Top of Provided material

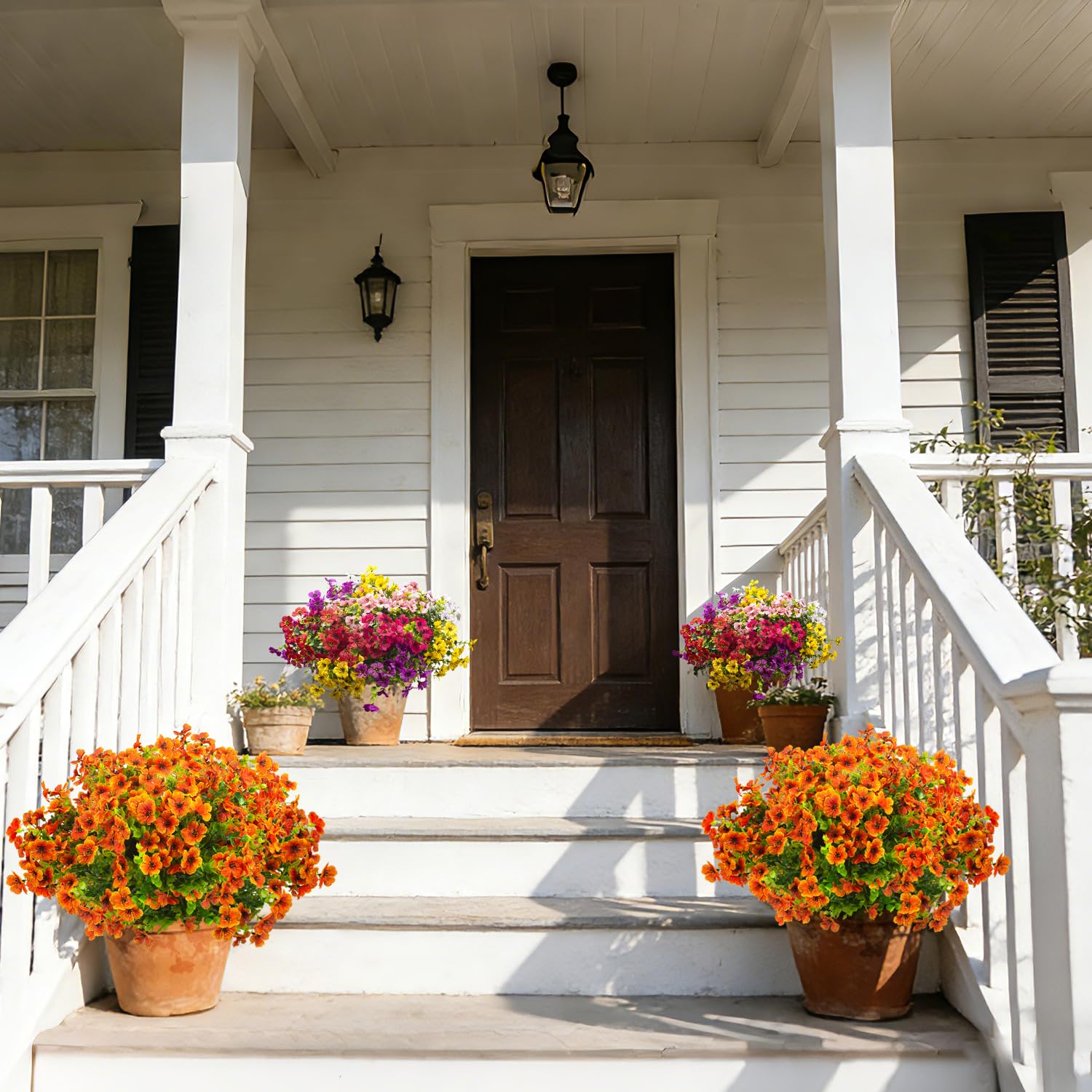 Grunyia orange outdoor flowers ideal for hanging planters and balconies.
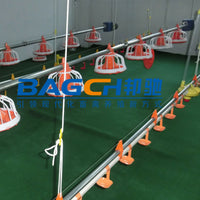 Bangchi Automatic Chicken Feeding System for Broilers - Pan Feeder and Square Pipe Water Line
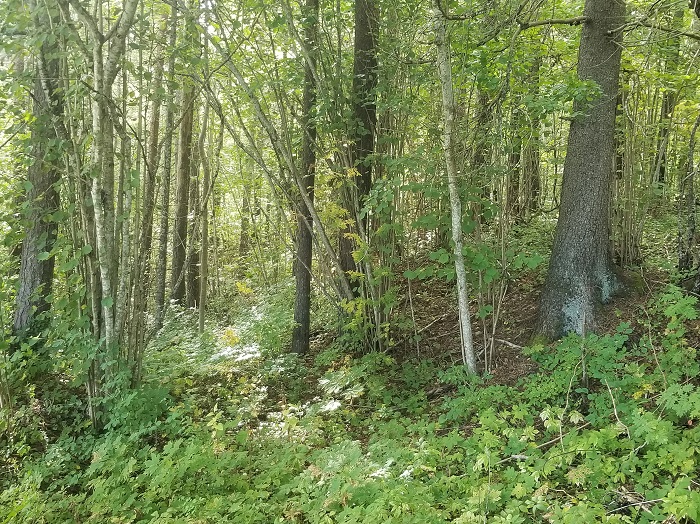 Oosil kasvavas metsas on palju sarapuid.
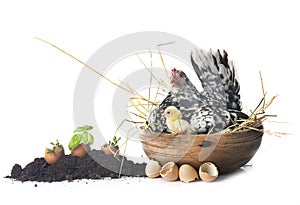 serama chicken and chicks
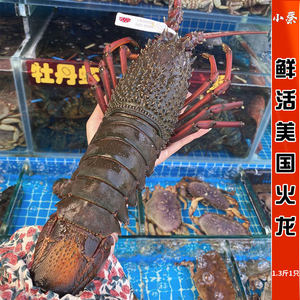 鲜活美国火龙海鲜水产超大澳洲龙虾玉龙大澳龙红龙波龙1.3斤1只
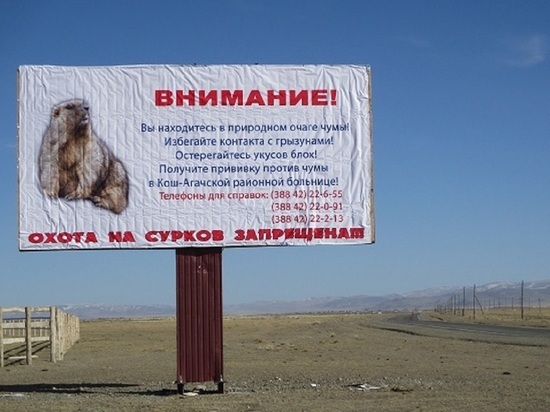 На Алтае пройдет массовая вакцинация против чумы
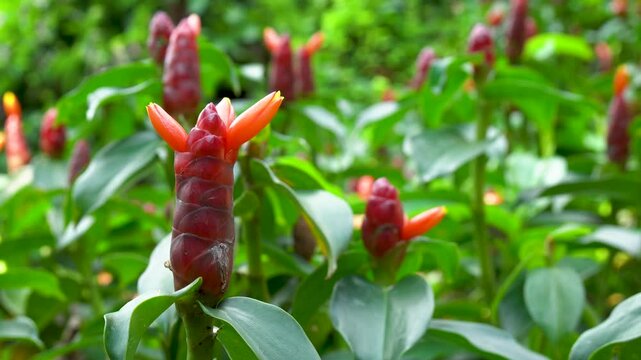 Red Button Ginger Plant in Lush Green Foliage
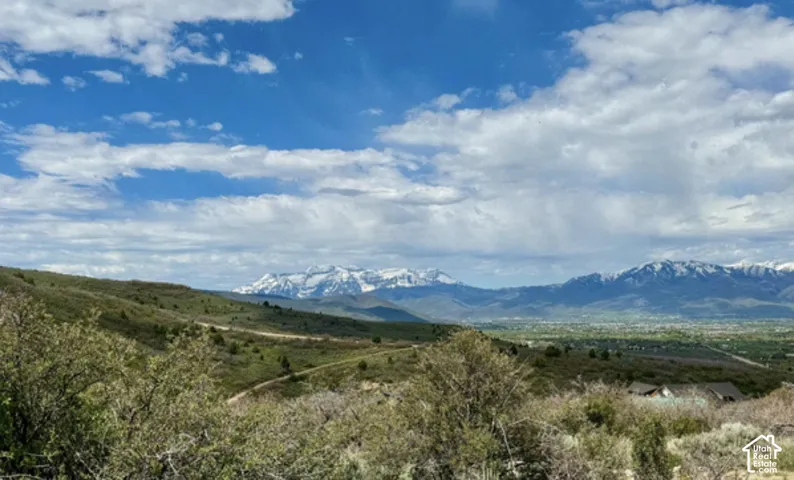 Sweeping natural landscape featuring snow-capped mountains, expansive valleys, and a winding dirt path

Bottom of Provided material

Work item:
Retype the data above in full, exactly as it stands, and skip any image.

Answer for this exercise:
 Grunyia orange outdoor flowers ideal for hanging planters and balconies.
 Bangchi Automatic Chicken Feeding System for Broilers - Pan Feeder and Square Pipe Water Line
 Oosil kasvavas metsas on palju sarapuid.
 serama chicken and chicks
 鲜活美国火龙海鲜水产超大澳洲龙虾玉龙大澳龙红龙波龙1.3斤1只
 На Алтае пройдет массовая вакцинация против чумы
 Red Button Ginger Plant in Lush Green Foliage
 Sweeping natural landscape featuring snow-capped mountains, expansive valleys, and a winding dirt path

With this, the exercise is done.